Thousands of protesters in Vienna braved snow and icy temperatures Saturday (15 December) to protest Austria’s ruling coalition between the conservatives and the far-right a year after they came to power.
Some 17,000 people took to the streets of the capital despite the bad weather, according to police estimates, while organisers put turnout at 50,000.
17,000 turn out in wintry Vienna to protest against the migration and social policies of Austria's ruling right-wing coalition: https://t.co/Bw1U529DiU
— dpa news agency (@dpa_intl) December 15, 2018
Many were waving banners reading “Fascists out of the government”, “Racism gets on my nerves”, and “More love, courage, togetherness”, as they made their way through Vienna before gathering outside the Hofburg imperial palace.
VIDEO: Thousands of protesters in Vienna brave snow and icy temperatures to protest Austria's ruling coalition between the conservatives and the far-right a year after they came to power pic.twitter.com/hNWLaYJJw4
— AFP news agency (@AFP) December 16, 2018
The rally was held on the eve of the first anniversary since Chancellor Sebastian Kurz’s People’s Party (ÖVP) and its far-right Freedom Party (FPÖ) partner took office on 18 December 2017.
Under their leadership, Austria — which also holds the EU presidency until the end of December — has introduced a series of tough anti-immigration measures over the past year.
In the latest move, the government last month finalised the details of welfare cuts aimed at immigrants, in a move criticised by anti-poverty campaigners and church groups.
“We want a different Austria,” said MP Andreas Schieder of the opposition Social Democrats (SPÖ) told AFP.
Schieder is the SPÖ’s lead candidate in the European Parliament election in May 2019, when traditional parties face major challenges from far-right and eurosceptic populists.
With growth of three percent expected for this year and one of the eurozone’s lowest unemployment rates at 5.6%, Austria’s coalition is still riding high in opinion polls.

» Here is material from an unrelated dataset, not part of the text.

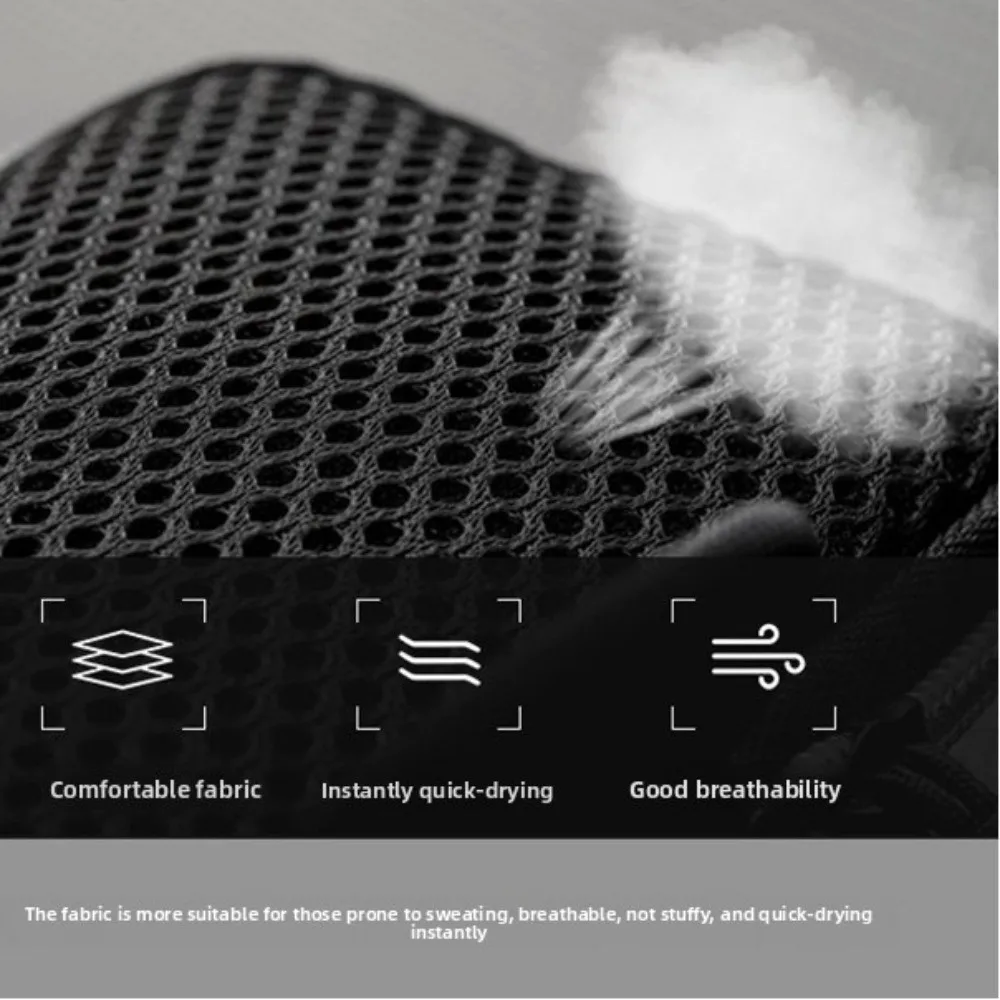 Zipper Mobile Phone Armband Waterproof Universal Sports Phone Case With Headphone Jack Sports Bag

Kurz’s People’s Party won 31.5% of the vote in last year’s elections, but now scores around 35% in the opinion polls.
The Freedom Party, led by Vice-Chancellor Heinz-Christian Strache, has slipped only slightly from the 26% of the vote it won last year to around 24%.
The ÖVP and FPÖ have made harmony their watchword, as have Kurz and Strache.

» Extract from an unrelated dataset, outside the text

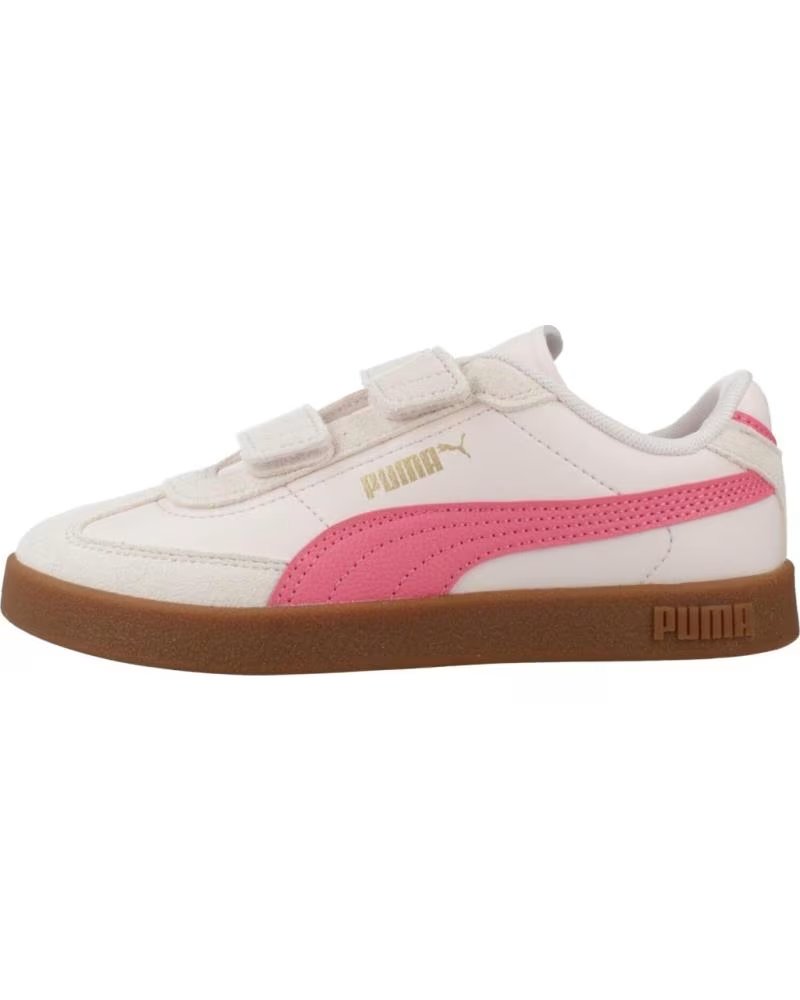 PUMA ZAPATILLAS CLUB II ERA V PS PINK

At one press conference earlier this year where the duo were finishing each other’s sentences, Strache said: “Even I’m surprised at how quickly and brilliantly we’re working”.
“The effort that they’ve made to appear as united as possible is very popular with the public,” said political scientist Fritz Plasser.
Kurz’s polished style and the self-restraint shown by Strache have also helped the two men.
Part of that popularity is due to the economy.
With growth of 3% expected for this year and one of the eurozone’s lowest unemployment rates at 5.6%, the government rode a wave of European economic growth.
Despite generous tax break for families and pension rises, this year the government looks set to eliminate its budget deficit, a year earlier than planned.
Civil servants can also look forward to a pay rise of 2.8%, with most other workers receiving rises of more than 2.5% — even up to 3.5% for metalworkers.
The government has faced criticism abroad — notably for its perceived closeness to Russia — and it may yet face some roadblocks at home as divisions emerge and policies risk fraying support among the working-class part of its base.